Find the volume of the vase I am told that the shape of a vase can be modelled by rotating the curve with equation $16x^2-(y-8)^2=32$ between $y=0$ and $y=16$ completely about the $y$-axis. I'm asked to find the volume of the vase. 

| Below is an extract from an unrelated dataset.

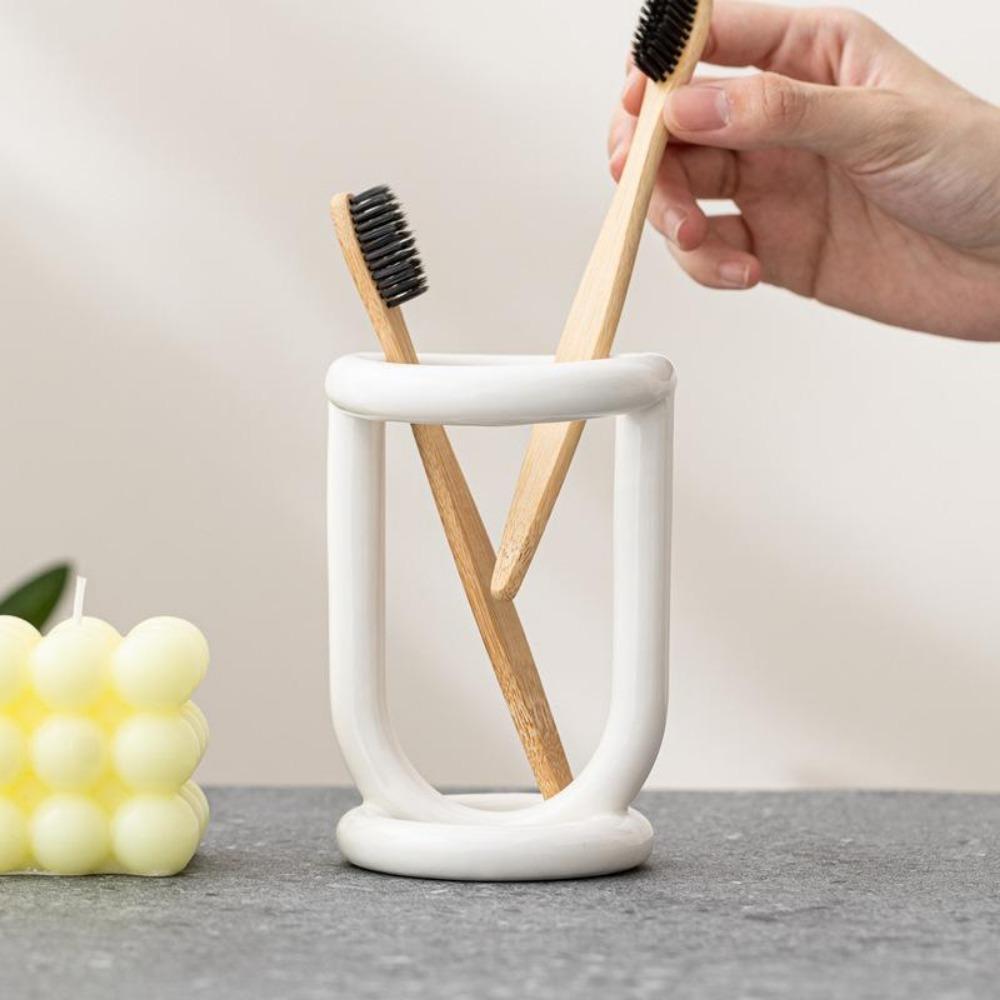 1PC Exquisite Ceramic Toothbrush Holder, Knife and Fork Tableware Storage, Desktop Storage Cylinder, Personalized Desktop Decoration of B & B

I would like to solve this using triple integrals. I can see that I need to compute something of the form $$\iiint_D r\,dr\,d\theta \,dz$$
I'm not sure where I need to go from here though. 
I appreciate that this may not be the simplest way to do this but this is the way I've been asked to solve the problem.
 A: $r = x\\
r^2 - (y-8)^2 = 32\\
r = \sqrt {\frac{32 + (y-8)^2}{16}}$
$\int_0^{2\pi}\int_0^{16}\int_0^{\sqrt{\frac{32 + (y-8)^2}{16}}}r\, dr\, dy\, dt$
Before we integrate lets make the substitution $y' = y-8$
$\int_0^{2\pi}\int_{-8}^{8}\int_0^{\sqrt{\frac{32 + y'^2}{16}}} r\,dr \,dy'\, dt\\
\int_0^{2\pi}\int_{-8}^{8}\frac 12 r^2 |_0^{\sqrt{\frac{32 + y'^2}{16}}} \,dy'\, dt\\
\int_0^{2\pi}\int_{-8}^{8}\frac 12 (\frac{32 + y'^2}{16}) \,dy'\, dt\\
\int_0^{2\pi} y' + \frac 1{96} y'^3 |_{-8}^{8} \, dt\\
\int_0^{2\pi} \frac {80}{3}\, dt\\
\frac {160\pi}{3}$
A: I am studying it as well so I won't presume to be official and ultimately correct. I would note that for every $0 \le y\le 16$, the equation gives you two symmetric $x$ values, $x=\pm {\sqrt{(y-8)^2+32}\over 4}$. Rotating the curve about the $y$-axis, you get that for every $0 \le y_0\le 16$, there is a flat area about the $y$-axis confined by the circle $x^2+z^2=x_0^2=({\sqrt{(y_0-8)^2+32}\over 4})^2={{(y_0-8)^2+32}\over 16}$. 
Now, set $y=h$ (the height of the figure). $x=r\cos \theta, z=r\sin \theta$, where $r\le{\sqrt{(h-8)^2+32}\over 4}$. i.e. Cylindrical coordinates. I will add my calculations as soon as I am done...
I get a volume of ${160\pi\over 3} $ which is also arrived at using wolframalpha.
I then let $0\le \theta\le 2\pi$, and get: 
$\int_{0}^{16}\int_{0}^{2\pi}\int_{0}^{{\sqrt{(h-8)^2+32}\over 4}}rdrd\theta dh=2\pi\int_{0}^{16}{1\over 2}{(h-8)^2+32 \over 16}dh={\pi\over 16}\int_{0}^{16}((h-8)^2+32)dh={\pi\over 16}\int_{0}^{16}(h^2-16h+96)dh$.